By: Vera Ouma
- Fall armyworm cost farmers up to US$6.3 billion annually
- Researchers create genetically-modified fall armyworm that could control pest populations
- But the technology is far from field ready and may have challenges in Sub-Saharan Africa
The fall armyworm, Spodoptera frugiperda, which was detected in Sub-Saharan Africa for the first time in 2016, could lead to one-third maize yield losses in some countries and up to US$6.3 billion loss annually, according to the study published in the journal BMC Biotechnology.
The gene technology developed by Oxitec, a UK-based biotechnology company that genetically modifies insects to assist in insect control, enables production of male-only cohorts of the friendly fall armyworm that when released into farmer fields will mate with pest female fall armyworms, and their female offspring cannot survive, resulting in fewer pests on the crops and therefore less damage.
“When we have completed further product development, we will explore how we can make the product available to farmers.”
Kelly Matzen, Oxitec
“Crop pests continue to spread disease and devastate food production. Current management of these pests is highly reliant on just few tools, many of which have off-target ecological impacts, are vulnerable to resistance developing in the pest population, and are often limited in their effectiveness,” says Kelly Matzen, a co-author of the study, and Oxitec’s chief technology officer.

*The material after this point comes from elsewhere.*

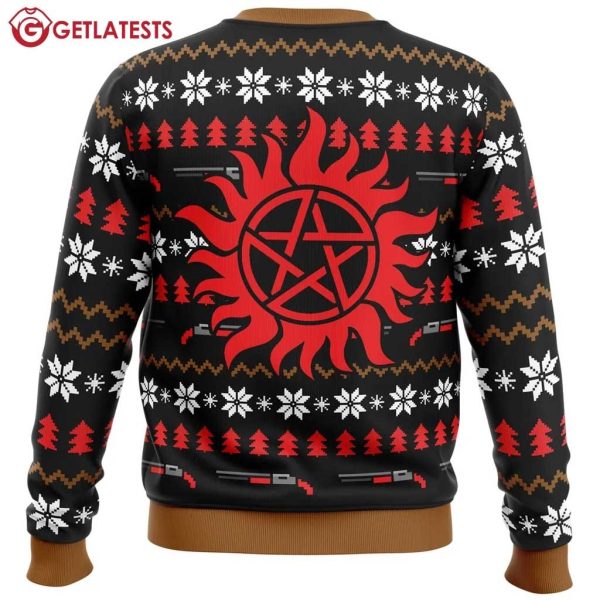 Winchesters Supernatural Saving People Hunting Things Ugly Christmas Sweater (2)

“There is, therefore, an urgent need for new pest management options that offer greater effectiveness and sustainability, and a lighter environmental footprint,” Matzen adds.
The pest is native to the Americas but has since spread rapidly across Africa, Australia, India and South-East Asia.

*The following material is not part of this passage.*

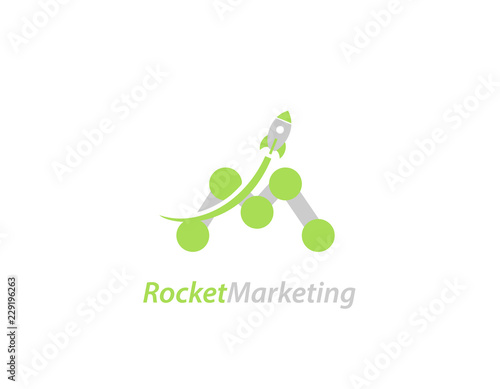 Rocket marketing design logo - illustration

An initial three-year research phase, according to Matzen, enabled the early development of the friendly fall armyworm, and testing the competitiveness of the genetically-modified male-only cohorts of the pest against wild-type males.
“We are continuing the work and the current research phase is focused on conducting product development trials and product stewardship activities, conducting field trials in Brazil, and piloting scale-up of the technology,” she explains.
“For now, our focus with fall armyworm is on assessing the performance of the friendly fall armyworm in Brazil. When we have completed further product development, we will explore how we can make the product available to farmers in other regions.”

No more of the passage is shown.